COMPLIMENT
À M. DE MACHAULT, Garde des Sceaux, par M. DE MARIVAUX, le 8 Janvier 1751.
MONSEIGNEUR
Voici le moment de nous livrer à toute la vivacité de nos respects ; cependant nous n’en jouirons qu’avec la modération qui vous convient. L’Académie Françoise a résolu de vous plaire ; & ce ne seroit pas le moyen d’y parvenir, que de céder à l’extrême envie qu’elle a de vous louer.
On doit même ce respect à vos pareils, de ne jamais les confronter, pour ainsi dire, avec les vérités qui les louent. Ils y voyent toujours je ne sais quelle image de flatterie qui les rebute, & qui répugne à la noble, à la modeste & fière simplicité de leur âme.

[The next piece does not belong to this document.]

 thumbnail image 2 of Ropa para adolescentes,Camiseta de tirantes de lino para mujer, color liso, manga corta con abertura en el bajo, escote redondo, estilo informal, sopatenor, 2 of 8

D’ailleurs quel éloge pourrions-nous faire de vous, qui ne soit déjà fait dans tous les esprits, & que le ROI lui-même n’ait confirmés par l’éminente dignité dont il vous honore ?
Il ne faut pas le dissimuler, MONSEIGNEUR, vous êtes aujourd’hui l’objet intéressant des attentions du Public. Vous éprouvez le fort de ces Ministres que l’admiration & l’envie ont loué chacune à leur manière ; de ces Ministres que leurs lumières supérieures, que leur fermeté, pour les intérêts de l’État, que leur invariable amour pour l’ordre, que leur zèle ardent pour la grandeur de leur Maître, & que leur illustre naissance ont consacrés à l’Histoire.
Il nous sied bien de vous le dire, à nous que regarde principalement le soin de transmettre à la postérité & la gloire du ROI, & les grandes qualités des Ministres qui auront illustré son Règne, & par conséquent les vôtres.
Voilà, MONSEIGNEUR, le seul mot d’éloge qui nous échappe, & que vous voudrez bien nous pardonner.